Mainstream Weekly

Home > Archives (2006 on) > 2013 > Sethusamudram: A Project Crippled By Myth

Mainstream, VOL LI, No 26, June 15, 2013

Sethusamudram: A Project Crippled By Myth

Saturday 15 June 2013, by K G Somasekharan Nair

#socialtags

The Government of India designed and launched the Sethusamudram shipping channel project in 2005 for which Rs 25,000 crores was the expenditure estimated then. Now ships from the Abrabian Sea to the Bay of Bengal have to circumnavigate Sri Lanka because between Dhanushkodi of Tamil Nadu and Thalaimannar of Sri Lanka there is a shallow sea along with soil formations like broken bund. If a deep waterway is made by dredging out 83 kms there, ships from the Cape Comorin side to Kolkata and eastwards can have a short cut through the Gulf of Mannar and Palk Strait by saving 758 kms. The government can collect a good user fee too. But after spending Rs 800 crores, the project was abandoned due to irrational intimidations. Now the government is planning to revive it but the meddlers are still there to muddle everything.

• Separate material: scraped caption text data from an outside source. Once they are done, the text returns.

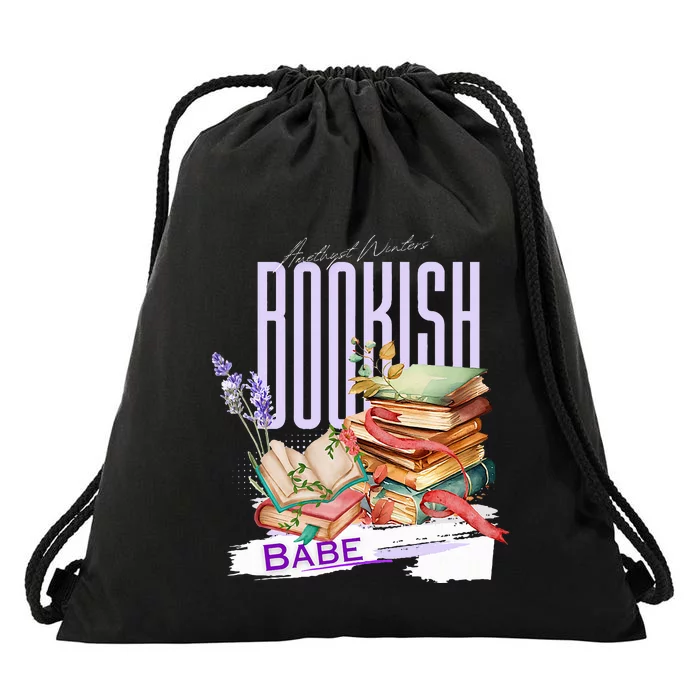 Bookish Babe Dark Romance Merch Drawstring Bag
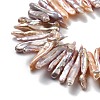 Natural Baroque Keshi Pearl Beads Strands PEAR-P064-03C-01A-4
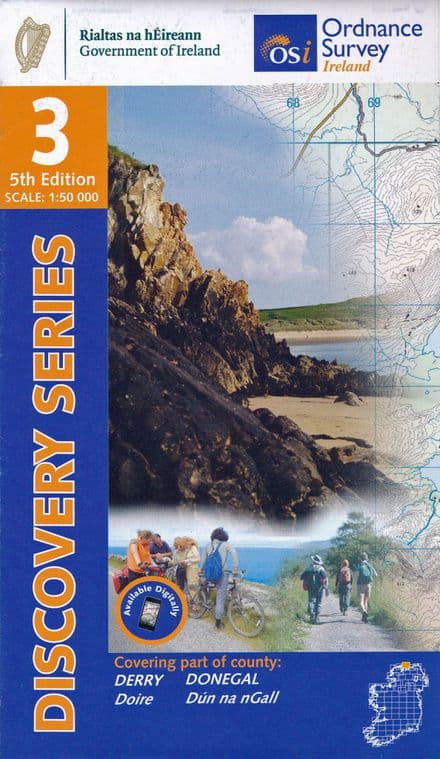 Ordnance Survey Ireland 1:50,000 - Map 03 - Donegal North East / Derry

According to the fundamentalists, Ramayana is authentic history and that the broken dyke visible from Dhanushkodi is the Sethu made by the militia of Rama commandeered by Hanuman for killing Ravana, the King of Lanka. Hence it is the Ramasethu. But Gandhiji, who considered Rama an embodiment of all virtues and perfections, explained: “I like the ideal of Rama and Janaka. They owed nothing against the people. They lived in their midst a life not above than theirs. But these may not be regarded as historic personages.”1

That is to say, Rama and all other characters in the Puranas are not historical but imaginary. He said it under the authority of Bhagavatha, the 18th and ultimate Purana. The Bhagavatha Purana of Vedvyasa is in the form of advice given by the sage Shuka to Pareekshith Maharaj of the Pandava dynasty to enable him inculcate bravery so as to accept equanimously imminent death which was the inevitable result of a curse by another sage. After discoursing all valorous avatars of Vishnu, sage Shuka says:

“The famous personalities, stories of whom I have narrated so far, are not real, but only imaginary characters created to provide you wisdom and detachment from mundane pleasure.”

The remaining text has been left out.